Regard was had to the applicant’s age and antecedents, that he had no prior criminal history and that he enjoyed the love and support of his family. Reference was made to the applicant’s health issues which were not said to be of a magnitude that they would particularly impact on the sentence to be imposed. The sentencing judge also accepted that “there will be hardship to your family by your being sentenced to imprisonment. That, however, is the risk a person takes when getting themselves involved in this criminal conduct.”
The sentencing judge acknowledged that the applicant was entitled to credit for the guilty pleas entered on 17 October 2018. His Honour remarked that it could be not said that those pleas of guilty were early or timely pleas. However, they saved the community the time and money associated with a trial and were evidence of cooperation with the administration of justice.
Ultimately, the sentencing judge did not accept that a sentence as low as four years was appropriate. One factor was that the additional offence of failing to comply with the direction was an aggravating feature which should result in some punishment. A sentence of five years’ imprisonment was said to be higher than would properly reflect the applicant’s overall criminality. In the result, a sentence of four years and six months’ imprisonment was imposed. A concurrent sentence of six months was imposed on count 2.
The application for leave to adduce evidence
The applicant seeks leave to rely upon affidavit evidence from him and his wife about his wife’s health and the hardship caused to his family by his imprisonment. He also seeks to rely upon an affidavit from his present solicitors about the circumstances under which the matter was resolved on 16 October 2018 by an exchange of emails.

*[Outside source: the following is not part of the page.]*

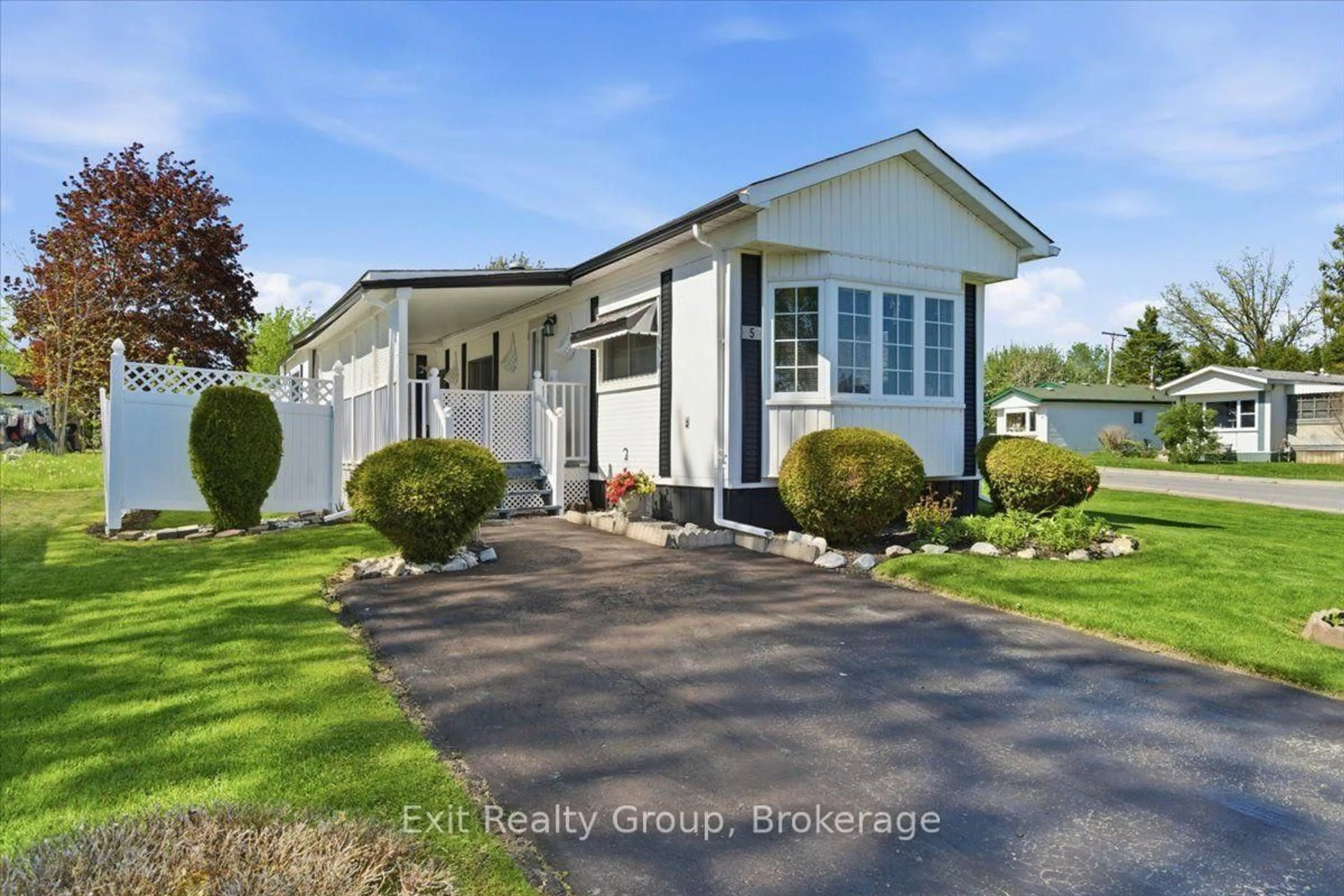 Home with vinyl exterior material, street for 5 Chapel Blvd, Quinte West Ontario K8N 4Z3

As to the applicant’s wife’s health and the effect of being imprisoned on her, the applicant says that he cannot recall if he spoke to his barrister or solicitor about that “in any detail”. He deposes that he understands that the health concerns of his wife and hardship to her are usually relevant only in exceptional circumstances, but contends that his case is an exceptional one. His affidavit and his wife’s affidavit are to the effect that for at least the last five years he has been his wife’s carer. She suffers from a number of conditions which affect her mobility. The applicant’s evidence is that prior to his imprisonment, he was effectively his wife’s carer and was responsible for housework. He also says that he was responsible for all of “the lifting in the business including often lifting heavy commercial bags of flour within our family business”. The applicant’s wife’s affidavit says that prior to her husband’s imprisonment, they ran a business that had a lot of heavy lifting and transportation, that her husband did all of that physical work and that she is unable to complete those tasks. Because they cannot afford to take on another employee to do those things, she is attempting to do them, but cannot get all the work done and that as a result “the business is failing”. The business is said to be her only source of income and she fears that when it fails they will fall behind in rental payments and lose their house. She says that other family members have their own busy lives and cannot help her.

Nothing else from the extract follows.